On that same brief train trip I read Ambulances ("all streets in time are visited"), and Afternoons ("their beauty has thickened. Something is pushing them/To the side of their own lives") and I knew that I had found a writer who inhabited the same world I did and was unafraid to tell the truth about it. My mind meshed with his. What else is writing for?

But his best poem? As we stood amid shoppers rumbling past with trolleys piled with groceries, a whole flock of known poems clamoured for my attention: Next Please with its image of the "black-sailed unfamiliar, towing at her back a huge and birdless silence", or Deceptions ("stumbling up the breathless stair/ To burst into fulfilment’s desolate attic") or ... but the list was long, and the lady was waiting and I was saying nothing.

I thought of Larkin’s last great poem, Aubade, a distillation of his terror of death:

...this is what we fear — no sight, no sound,

No touch or taste or smell, nothing to think with

Nothing to love or link with,

The anaesthetic from which none come round.

That last line is superb, but the line before is the one occasion in all his published work when Larkin’s ear let him down. "Link with" is a forced rhyme, disqualifying.

The pause had stretched for too long, "Church Going," I said, "that’s his best. Church Going."

"Church Going," the lady said, and smiled. "Thank you.

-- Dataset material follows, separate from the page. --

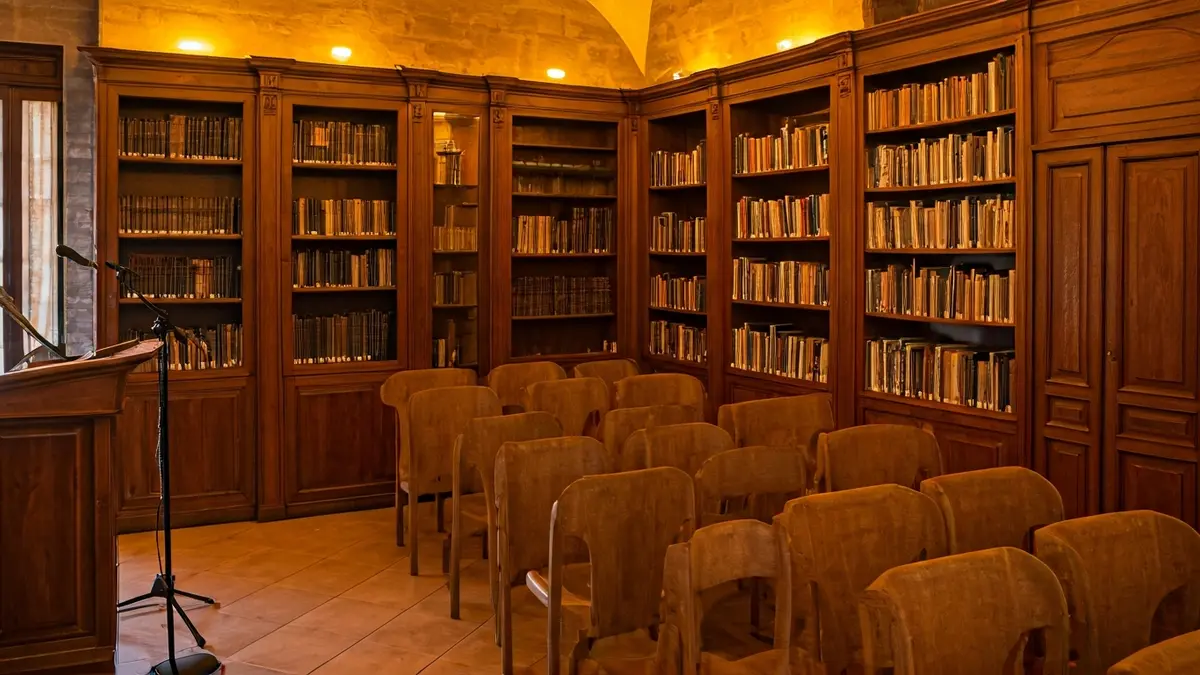 Imatge genèrica d'un interior de biblioteca amb un micròfon en un podi, simbolitzant una presentació o entrevista.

I’ll look it up. Very nice to meet you" and she turned and walked away towards the carpark with her bag of groceries.

And even as she did so, I wanted to call after her, to say well, actually, I’m not sure.

I mean, Church Going is very good, but there is good, there is better and there is best and the best is, but the chance had gone, and besides there is no best, no perfect answer, to this or anything. There are only the simple truths:

The day the flowers come,

And when the birds go.

— Joe Bennett is a Lyttelton writer.